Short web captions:
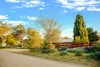 111 Forbes Lane, Young, NSW 2594-Image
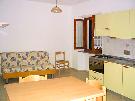 Taliansko - ostrov Elba - Apartm�ny Fetovaia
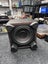 Klipsch 10inch Subwoofer KSW-10 Carousel 2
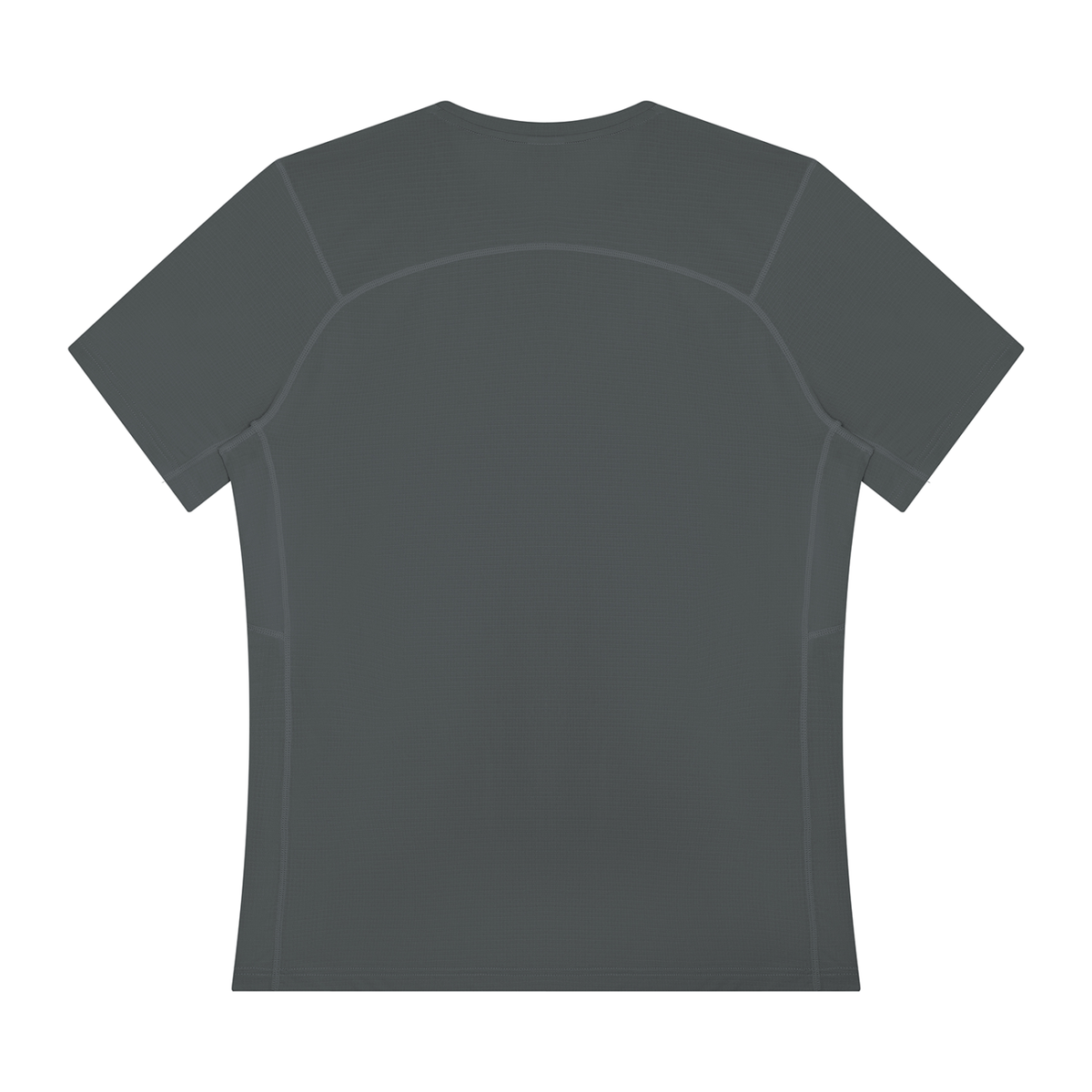 Active Tech Training Tee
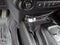 2013 Jeep Wrangler Unlimited Freedom Edition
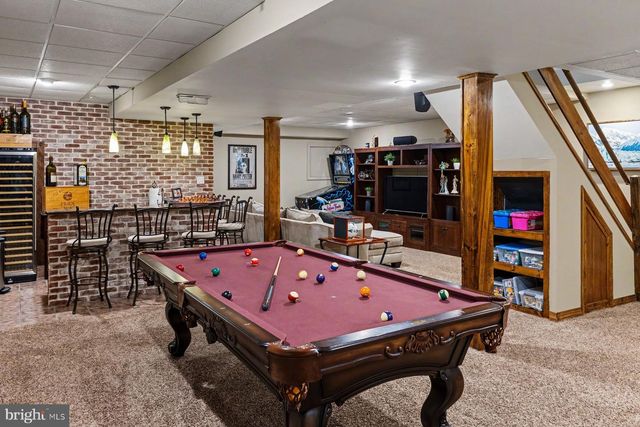 117 BUTTERCUP BLVD, Warrington, PA 18976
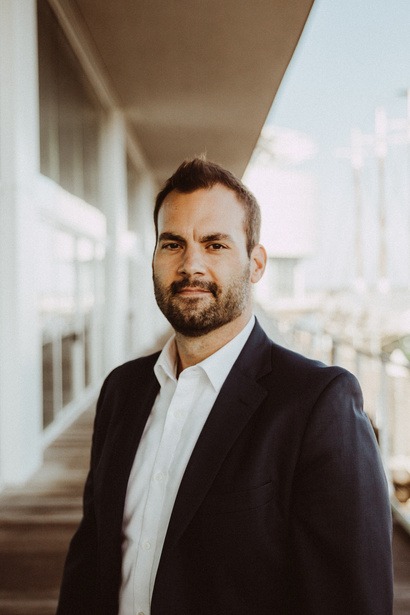 Brett Heaton Juarez, CFP®, M.S., CLU®, ChSNC®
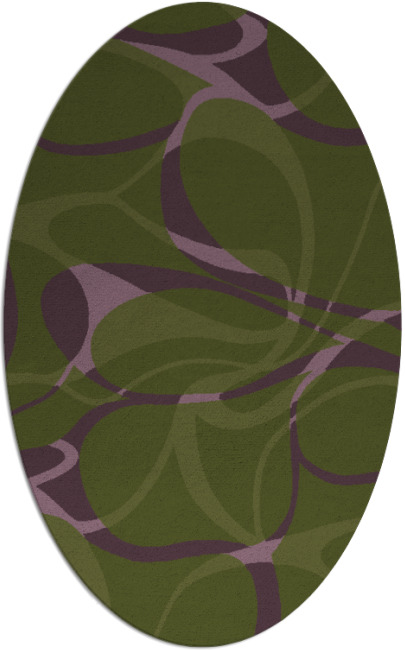 lavacity rug - item 771456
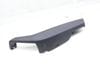 Door Panel Armrest / Arm Rest 4M8867364 — photo 2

Your task — Return exactly, with no pictures, each line from the one that contains "Taliansko - ostrov Elba - Apartm�ny Fetovaia" through the end of the entries above, both ends included.

Answer to the problem —
 Taliansko - ostrov Elba - Apartm�ny Fetovaia
 Klipsch 10inch Subwoofer KSW-10 Carousel 2
 Active Tech Training Tee
 2013 Jeep Wrangler Unlimited Freedom Edition
 117 BUTTERCUP BLVD, Warrington, PA 18976
 Brett Heaton Juarez, CFP®, M.S., CLU®, ChSNC®
 lavacity rug - item 771456
 Door Panel Armrest / Arm Rest 4M8867364 — photo 2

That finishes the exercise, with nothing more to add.